Talk to us

Logan Markewich Jan 2, 2024

Scaling LlamaIndex with AWS and Hugging Face

Over the holidays, I was running some retrieval benchmarks with LlamaIndex. I found myself rebuilding an index repeatedly with 30K documents, and finding waiting 10–20 minutes each time was too grating.

So to solve this, issue, I decided to bite the bullet and figure out how to deploy LlamaIndex to AWS, and create a scalable ETL pipeline for indexing my data. This brought the processing time down to around 5 minutes!

Proposed system architecture

If you want to skip the detailed steps, you can jump to the code at the following repository:


NOTE: I am not an AWS expert, and had zero experience with it before this project. There are likely ways to improve upon the design I came up with. This blog merely documents my first foray into getting a system working on AWS. My hope is that this helps other people get started, and opens the door for other engineers deploying more scale-able systems.

Step 1: Figuring out how AWS works

To use AWS effectively, there are several packages and tools that you will need:

  1. AWS account signup
  2. Install AWS CLI
  3. Used to authenticate your AWS account for CLI tools
  4. Install eksctl
  5. Used to create EKS clusters easily
  6. Install kubectl
  7. Used to configure and debug deployments, pods, services, etc.
  8. Install Docker

As you will see, nearly all AWS deployments revolve around yaml files that describe what you are deploying and how they connect together, as well as some CLI commands to actually run the deployment.

If at any time you aren’t sure what’s going on, I found it helpful to visit the AWS dashboard and explore the resources I had actually deployed. Usually, you will want to visit. I had the pages below favourited in AWS. Also, remember to set your region properly in the top right!

My AWS console favourites

Note on how deployments work

For a majority of deployments, you will typically have

  1. The cluster
  2. The deployed app, scaled to X replicas
  3. A load balancer, to balance the incoming requests between X replicas

In the examples below, most will have a yaml for the deployed app, a yaml for the load balancer, and a command to create the cluster you want to run on.

Helpful CLI Commands

A few CLI commands proved to be extremely helpful for debugging and monitoring deployments.
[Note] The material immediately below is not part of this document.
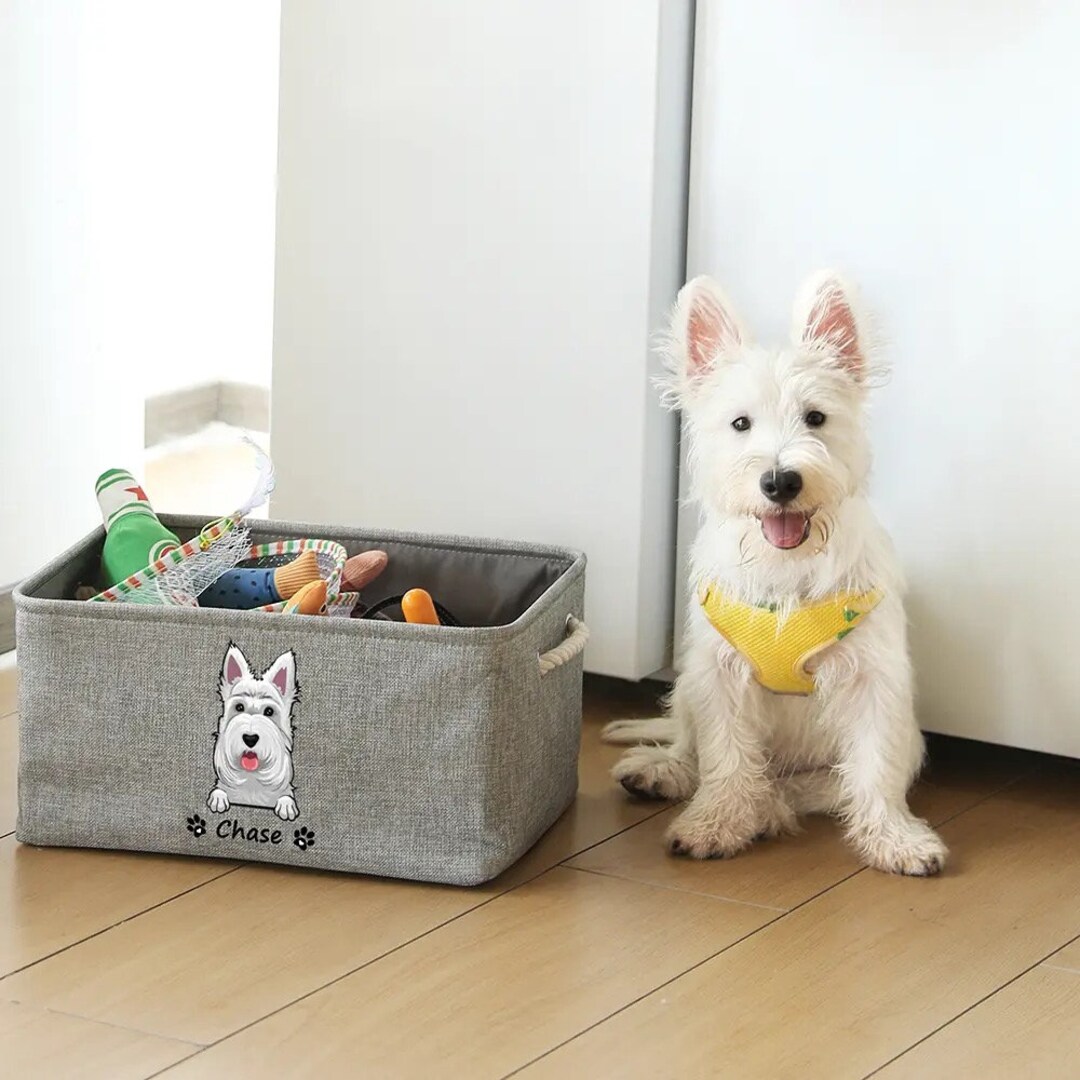 Personalised Dog Toy Basket, Customised Toy Bin, Pet Toy Storage, Christmas Gift for Pet, Dog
# get the state of pods/deployments
kubectl get pods
kubectl get deployments

# useful for seeing logs/events of pods + full yaml config
kubectl describe pod <pod name>
kubectl logs <pod name>

# list clusters kubectl knows about
kubectl config get-contexts

# switch kubectl to another cluster
kubectl config use-context <context name>

# delete things
kubectl delete <pod/deployment/service> <name>

Step 2: Deploying Text Embeddings Interface

In order to run embeddings fast, we will deploy an embeddings server using HuggingFace’s Text Embedding Interface (TEI). This server has production-level features and optimizations out-of-the-box, including continuous batching, flash-attention, rust implementation, and more. HuggingFace provides prebuilt docker images to simplify deployment.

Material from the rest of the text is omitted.